Knowing what to build
Too much of a developer’s life is spent implementing features that nobody uses or needs. This has sadly been the case on many of the projects I have worked on. The problem isn’t a technical one but rather the mindset instilled by ‘waterfall‘ methods of software development. These methods promote the rarely correct idea that you can know, plan and design up front everything you need to build. Requirements are often just poor speculative solutions to half understood problems. By compiling and committing to a huge list of things that you will build at the beginning you create huge administrative overhead and waste for the project. Where possible development teams should use approaches that maximise learning and feedback in order to build only what is needed. Such approaches lead to less costly and more successful projects.
Recently we tried a new approach to tackle this problem when building call centre software at my employer uswitch.com. The business manager came to the development team with a detailed specifications of what the call centre team wanted to build and a long list of requirements. A lot of this specification work did turn out to be helpful but we had a few problems:
- we knew it would take months to build everything and what would the business do in the meantime?
- the business area was new so there was a big risk we would end up implementing unneeded functionality
- nobody had a deep enough understanding of the problem domain yet
Learning what to build with Access
Instead of building any software we asked the call centre team to use Microsoft Access to create a database. At first they were nervous at having to do this themselves and feared they would be stuck with an ad-hoc solution. We committed to start building a real application for them once they were up and running for a few weeks with Access. When we did start building the software the Access database turned out to be hugely helpful. The call centre team had an in-depth understanding of the domain and could answer our questions immediately. We had great opportunities to learn by sitting in with them on calls. The Access database served as a prototype application and set of sample data. Best of all this new area of the business was up and running and making money fast.
Having the Access database in place helped reduce the scope of our first delivery. Some of the fields they added to Access database turned out not be useful and were unneeded. The users were happy if what we built was just enough to replace the Access database. This was less then we had originally thought we would need for our first delivery.

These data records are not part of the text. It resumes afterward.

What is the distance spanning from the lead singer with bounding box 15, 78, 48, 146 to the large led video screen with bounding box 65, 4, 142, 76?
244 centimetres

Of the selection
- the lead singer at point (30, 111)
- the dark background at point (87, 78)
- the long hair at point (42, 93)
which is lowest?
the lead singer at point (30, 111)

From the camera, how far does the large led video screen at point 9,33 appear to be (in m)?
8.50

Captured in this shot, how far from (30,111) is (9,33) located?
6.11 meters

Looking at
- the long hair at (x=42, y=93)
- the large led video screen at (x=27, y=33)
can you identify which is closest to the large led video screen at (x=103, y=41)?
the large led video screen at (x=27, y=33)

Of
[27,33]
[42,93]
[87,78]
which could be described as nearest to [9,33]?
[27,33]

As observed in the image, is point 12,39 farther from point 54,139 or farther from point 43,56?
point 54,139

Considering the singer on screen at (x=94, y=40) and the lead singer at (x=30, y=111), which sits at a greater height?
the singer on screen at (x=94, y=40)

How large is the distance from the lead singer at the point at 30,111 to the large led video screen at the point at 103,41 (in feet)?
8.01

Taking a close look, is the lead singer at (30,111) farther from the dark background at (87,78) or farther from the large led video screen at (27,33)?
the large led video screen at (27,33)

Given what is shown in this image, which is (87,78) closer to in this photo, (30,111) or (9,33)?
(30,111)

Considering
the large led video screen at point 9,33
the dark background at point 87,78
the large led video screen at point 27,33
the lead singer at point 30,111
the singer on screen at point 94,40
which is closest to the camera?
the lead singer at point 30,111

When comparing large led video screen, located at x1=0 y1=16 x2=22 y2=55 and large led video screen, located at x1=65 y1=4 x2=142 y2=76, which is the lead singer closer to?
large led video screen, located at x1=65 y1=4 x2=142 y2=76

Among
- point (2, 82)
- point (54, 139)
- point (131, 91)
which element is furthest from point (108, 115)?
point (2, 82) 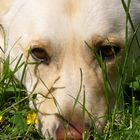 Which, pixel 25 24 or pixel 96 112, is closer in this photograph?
pixel 96 112

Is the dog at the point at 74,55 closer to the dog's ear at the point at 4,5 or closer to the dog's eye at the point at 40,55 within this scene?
the dog's eye at the point at 40,55

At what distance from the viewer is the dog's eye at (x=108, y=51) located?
3355mm

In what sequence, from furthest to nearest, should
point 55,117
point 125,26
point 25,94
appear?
1. point 25,94
2. point 125,26
3. point 55,117

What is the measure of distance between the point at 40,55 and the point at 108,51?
0.41 metres

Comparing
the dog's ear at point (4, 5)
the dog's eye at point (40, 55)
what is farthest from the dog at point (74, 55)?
the dog's ear at point (4, 5)

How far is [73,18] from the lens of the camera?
130 inches

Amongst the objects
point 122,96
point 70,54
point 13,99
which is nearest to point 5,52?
point 13,99

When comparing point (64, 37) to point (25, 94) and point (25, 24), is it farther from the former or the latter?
point (25, 94)

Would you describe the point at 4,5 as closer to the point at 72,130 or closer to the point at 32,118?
the point at 32,118

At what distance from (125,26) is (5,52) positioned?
86cm

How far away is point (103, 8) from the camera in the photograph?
3373mm

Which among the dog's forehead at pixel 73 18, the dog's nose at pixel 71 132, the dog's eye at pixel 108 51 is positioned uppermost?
the dog's forehead at pixel 73 18

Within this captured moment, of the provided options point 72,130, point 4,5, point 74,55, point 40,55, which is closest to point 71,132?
point 72,130

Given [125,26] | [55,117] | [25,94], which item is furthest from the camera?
[25,94] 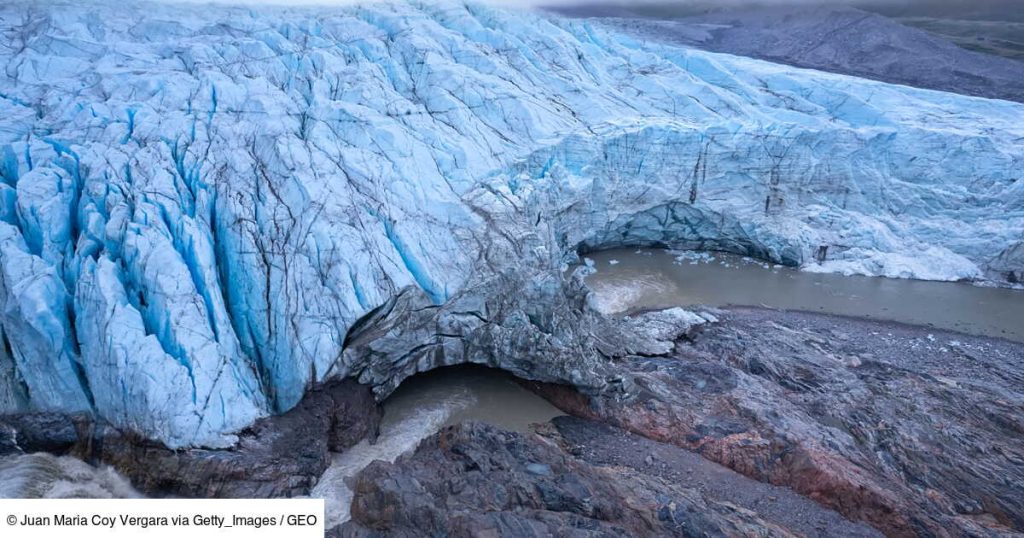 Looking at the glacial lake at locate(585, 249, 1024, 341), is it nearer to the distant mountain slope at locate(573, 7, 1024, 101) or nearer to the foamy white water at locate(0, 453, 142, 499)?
the distant mountain slope at locate(573, 7, 1024, 101)

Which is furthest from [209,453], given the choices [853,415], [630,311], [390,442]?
[853,415]

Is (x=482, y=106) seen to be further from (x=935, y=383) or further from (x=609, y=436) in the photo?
(x=935, y=383)

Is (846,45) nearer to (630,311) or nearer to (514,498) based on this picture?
(630,311)

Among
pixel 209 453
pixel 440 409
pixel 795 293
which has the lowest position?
pixel 795 293

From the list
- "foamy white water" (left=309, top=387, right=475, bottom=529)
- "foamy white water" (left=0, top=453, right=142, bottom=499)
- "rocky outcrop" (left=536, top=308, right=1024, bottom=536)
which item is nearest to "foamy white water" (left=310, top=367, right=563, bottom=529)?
"foamy white water" (left=309, top=387, right=475, bottom=529)

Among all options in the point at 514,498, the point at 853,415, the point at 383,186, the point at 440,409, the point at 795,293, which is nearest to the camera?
the point at 514,498

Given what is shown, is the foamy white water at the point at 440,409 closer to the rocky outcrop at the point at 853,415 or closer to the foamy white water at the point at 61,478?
the rocky outcrop at the point at 853,415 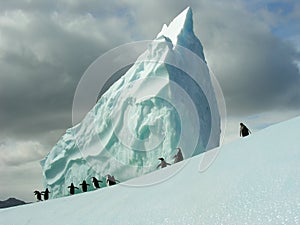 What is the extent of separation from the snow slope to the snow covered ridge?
18.4ft

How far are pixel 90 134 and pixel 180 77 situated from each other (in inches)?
116

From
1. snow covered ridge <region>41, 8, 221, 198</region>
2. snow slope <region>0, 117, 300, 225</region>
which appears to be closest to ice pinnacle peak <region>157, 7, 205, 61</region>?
snow covered ridge <region>41, 8, 221, 198</region>

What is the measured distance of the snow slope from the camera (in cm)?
A: 253

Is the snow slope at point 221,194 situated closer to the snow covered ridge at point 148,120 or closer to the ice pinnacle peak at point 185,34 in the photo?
the snow covered ridge at point 148,120

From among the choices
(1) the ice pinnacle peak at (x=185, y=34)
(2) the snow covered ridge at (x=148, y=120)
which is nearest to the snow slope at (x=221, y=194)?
(2) the snow covered ridge at (x=148, y=120)

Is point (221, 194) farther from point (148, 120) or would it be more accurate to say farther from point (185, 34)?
point (185, 34)

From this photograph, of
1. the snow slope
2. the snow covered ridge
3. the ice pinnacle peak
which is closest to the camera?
the snow slope

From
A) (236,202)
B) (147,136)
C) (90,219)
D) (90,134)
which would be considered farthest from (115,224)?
(90,134)

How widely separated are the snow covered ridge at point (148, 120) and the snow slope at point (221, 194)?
5594 millimetres

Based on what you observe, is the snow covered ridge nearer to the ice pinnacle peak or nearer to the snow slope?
the ice pinnacle peak

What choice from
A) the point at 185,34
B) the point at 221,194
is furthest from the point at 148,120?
the point at 221,194

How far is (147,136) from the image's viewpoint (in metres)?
10.4

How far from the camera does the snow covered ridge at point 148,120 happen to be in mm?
10195

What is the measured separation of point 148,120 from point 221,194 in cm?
751
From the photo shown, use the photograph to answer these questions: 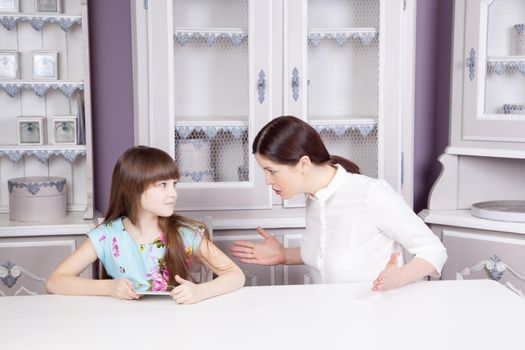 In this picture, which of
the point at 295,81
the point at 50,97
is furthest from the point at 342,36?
the point at 50,97

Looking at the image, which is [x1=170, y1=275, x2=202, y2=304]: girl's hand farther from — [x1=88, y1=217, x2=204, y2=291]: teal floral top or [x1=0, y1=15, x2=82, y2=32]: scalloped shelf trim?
[x1=0, y1=15, x2=82, y2=32]: scalloped shelf trim

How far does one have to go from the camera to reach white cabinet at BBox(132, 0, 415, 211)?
2.55 m

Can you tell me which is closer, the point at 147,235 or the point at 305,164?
the point at 305,164

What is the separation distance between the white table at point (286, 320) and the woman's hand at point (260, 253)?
34cm

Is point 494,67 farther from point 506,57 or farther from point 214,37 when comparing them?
point 214,37

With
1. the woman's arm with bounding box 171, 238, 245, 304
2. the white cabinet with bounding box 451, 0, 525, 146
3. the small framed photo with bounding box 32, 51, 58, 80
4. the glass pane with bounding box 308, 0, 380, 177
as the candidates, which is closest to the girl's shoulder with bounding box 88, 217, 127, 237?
the woman's arm with bounding box 171, 238, 245, 304

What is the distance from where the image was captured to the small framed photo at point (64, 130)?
2.82 meters

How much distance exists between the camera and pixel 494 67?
2.69 metres

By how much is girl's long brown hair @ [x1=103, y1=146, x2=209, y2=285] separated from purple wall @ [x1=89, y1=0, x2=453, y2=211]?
0.97m

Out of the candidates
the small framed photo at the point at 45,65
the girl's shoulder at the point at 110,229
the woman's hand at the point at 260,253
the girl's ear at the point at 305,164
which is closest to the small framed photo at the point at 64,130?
the small framed photo at the point at 45,65

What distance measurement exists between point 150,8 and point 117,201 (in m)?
0.86

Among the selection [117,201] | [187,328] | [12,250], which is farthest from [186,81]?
[187,328]

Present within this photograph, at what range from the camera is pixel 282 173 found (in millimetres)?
1899

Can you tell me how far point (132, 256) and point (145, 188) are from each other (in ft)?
0.70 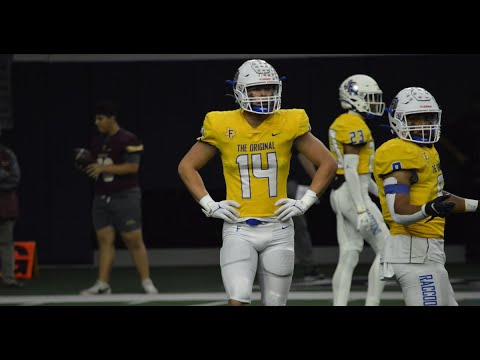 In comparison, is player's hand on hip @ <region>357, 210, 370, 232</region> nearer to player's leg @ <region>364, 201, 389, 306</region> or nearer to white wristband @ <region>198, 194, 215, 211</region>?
player's leg @ <region>364, 201, 389, 306</region>

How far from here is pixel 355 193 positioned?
8.84 meters

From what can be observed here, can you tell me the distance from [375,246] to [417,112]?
2594 millimetres

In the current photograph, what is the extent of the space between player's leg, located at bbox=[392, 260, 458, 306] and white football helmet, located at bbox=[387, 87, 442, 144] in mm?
697

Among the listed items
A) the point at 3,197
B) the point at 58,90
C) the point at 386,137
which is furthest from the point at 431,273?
the point at 58,90

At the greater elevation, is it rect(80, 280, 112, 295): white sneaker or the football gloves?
the football gloves

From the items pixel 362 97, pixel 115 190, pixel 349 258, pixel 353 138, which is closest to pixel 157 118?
pixel 115 190

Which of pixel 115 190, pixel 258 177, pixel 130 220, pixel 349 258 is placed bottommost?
pixel 349 258

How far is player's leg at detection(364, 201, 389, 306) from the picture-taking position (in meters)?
8.77

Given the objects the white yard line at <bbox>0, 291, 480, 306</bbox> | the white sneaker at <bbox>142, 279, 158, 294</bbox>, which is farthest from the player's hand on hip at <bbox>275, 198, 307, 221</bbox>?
the white sneaker at <bbox>142, 279, 158, 294</bbox>

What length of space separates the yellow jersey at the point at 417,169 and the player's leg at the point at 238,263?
81 centimetres

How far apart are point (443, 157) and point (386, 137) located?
32.7 inches

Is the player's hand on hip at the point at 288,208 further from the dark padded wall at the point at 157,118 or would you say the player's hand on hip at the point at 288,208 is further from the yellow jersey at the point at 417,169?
the dark padded wall at the point at 157,118

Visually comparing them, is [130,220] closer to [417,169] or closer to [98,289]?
[98,289]

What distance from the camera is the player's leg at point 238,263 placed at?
633 cm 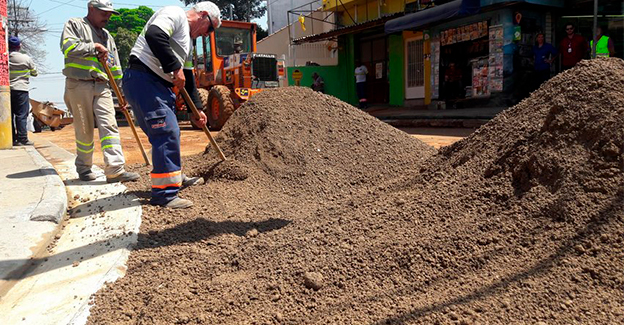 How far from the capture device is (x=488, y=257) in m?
1.95

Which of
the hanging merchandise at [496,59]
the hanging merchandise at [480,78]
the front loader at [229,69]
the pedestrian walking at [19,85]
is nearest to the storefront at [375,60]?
the hanging merchandise at [480,78]

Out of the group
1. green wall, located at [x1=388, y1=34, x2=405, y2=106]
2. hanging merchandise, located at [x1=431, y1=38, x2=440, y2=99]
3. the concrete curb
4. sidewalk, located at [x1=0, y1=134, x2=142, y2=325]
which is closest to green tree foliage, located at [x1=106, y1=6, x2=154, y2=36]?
green wall, located at [x1=388, y1=34, x2=405, y2=106]

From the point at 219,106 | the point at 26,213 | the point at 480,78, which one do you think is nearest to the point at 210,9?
the point at 26,213

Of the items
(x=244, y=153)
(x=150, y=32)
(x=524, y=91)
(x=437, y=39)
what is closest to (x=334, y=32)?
(x=437, y=39)

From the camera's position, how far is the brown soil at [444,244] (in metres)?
1.73

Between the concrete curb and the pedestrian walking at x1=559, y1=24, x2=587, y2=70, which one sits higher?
the pedestrian walking at x1=559, y1=24, x2=587, y2=70

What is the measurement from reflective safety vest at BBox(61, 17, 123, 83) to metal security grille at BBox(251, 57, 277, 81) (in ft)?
23.2

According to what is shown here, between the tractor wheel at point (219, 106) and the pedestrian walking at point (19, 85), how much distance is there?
3.96m

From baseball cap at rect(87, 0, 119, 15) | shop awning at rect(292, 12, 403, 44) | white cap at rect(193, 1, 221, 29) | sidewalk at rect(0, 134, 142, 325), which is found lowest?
sidewalk at rect(0, 134, 142, 325)

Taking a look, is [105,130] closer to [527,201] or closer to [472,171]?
[472,171]

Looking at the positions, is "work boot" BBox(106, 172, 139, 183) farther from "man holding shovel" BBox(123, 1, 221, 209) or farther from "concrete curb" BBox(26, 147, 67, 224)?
"man holding shovel" BBox(123, 1, 221, 209)

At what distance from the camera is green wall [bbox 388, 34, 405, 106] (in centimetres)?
1539

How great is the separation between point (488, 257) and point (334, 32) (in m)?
14.7

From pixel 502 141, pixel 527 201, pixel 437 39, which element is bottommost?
pixel 527 201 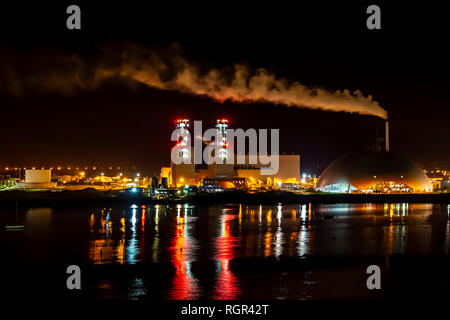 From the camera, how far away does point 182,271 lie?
1483 cm

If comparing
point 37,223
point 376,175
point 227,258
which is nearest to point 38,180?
point 376,175

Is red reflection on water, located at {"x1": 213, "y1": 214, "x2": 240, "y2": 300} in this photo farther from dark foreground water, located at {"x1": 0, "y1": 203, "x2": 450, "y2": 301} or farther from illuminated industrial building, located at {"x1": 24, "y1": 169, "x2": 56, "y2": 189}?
illuminated industrial building, located at {"x1": 24, "y1": 169, "x2": 56, "y2": 189}

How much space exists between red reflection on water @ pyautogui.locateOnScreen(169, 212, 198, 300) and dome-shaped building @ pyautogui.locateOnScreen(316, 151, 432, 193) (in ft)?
128

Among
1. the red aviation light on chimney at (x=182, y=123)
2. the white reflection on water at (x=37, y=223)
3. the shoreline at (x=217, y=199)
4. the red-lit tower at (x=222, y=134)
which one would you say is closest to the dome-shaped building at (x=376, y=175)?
the shoreline at (x=217, y=199)

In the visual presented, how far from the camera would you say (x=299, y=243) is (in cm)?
2008

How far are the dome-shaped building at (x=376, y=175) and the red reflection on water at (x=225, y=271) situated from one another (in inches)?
1450

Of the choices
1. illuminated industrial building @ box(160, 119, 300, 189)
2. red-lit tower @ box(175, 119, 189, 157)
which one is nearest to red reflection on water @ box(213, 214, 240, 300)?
illuminated industrial building @ box(160, 119, 300, 189)

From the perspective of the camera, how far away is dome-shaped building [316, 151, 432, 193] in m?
57.8

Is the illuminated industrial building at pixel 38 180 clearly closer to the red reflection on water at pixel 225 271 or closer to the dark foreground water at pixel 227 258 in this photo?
the dark foreground water at pixel 227 258

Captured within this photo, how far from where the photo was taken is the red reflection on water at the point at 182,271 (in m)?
12.3

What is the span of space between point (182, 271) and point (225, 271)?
122 centimetres

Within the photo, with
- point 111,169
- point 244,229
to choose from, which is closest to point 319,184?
point 244,229
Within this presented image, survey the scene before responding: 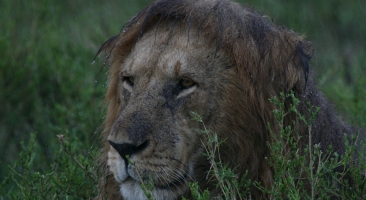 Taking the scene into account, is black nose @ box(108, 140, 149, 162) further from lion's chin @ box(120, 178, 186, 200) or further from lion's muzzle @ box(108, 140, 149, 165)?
lion's chin @ box(120, 178, 186, 200)

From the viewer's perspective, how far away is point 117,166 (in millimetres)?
3932

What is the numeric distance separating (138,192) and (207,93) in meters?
0.68

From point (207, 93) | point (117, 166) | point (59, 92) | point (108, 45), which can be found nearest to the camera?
point (117, 166)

The approach was not without its drawbacks however:
- Access had usability and scalability issues, so we set a time limit for its replacement by a custom application
- Additional work to write data migration code from Access to our custom application was needed
- When designing the custom application we were often asked to mimic the behaviour of Access. We had to educate the users about the more advanced possibilities available in a custom application (although some of the ideas to come from Access – such as the use of the Calibri font were good)
Credit and thanks to Mark Holdsworth for coming up with this approach.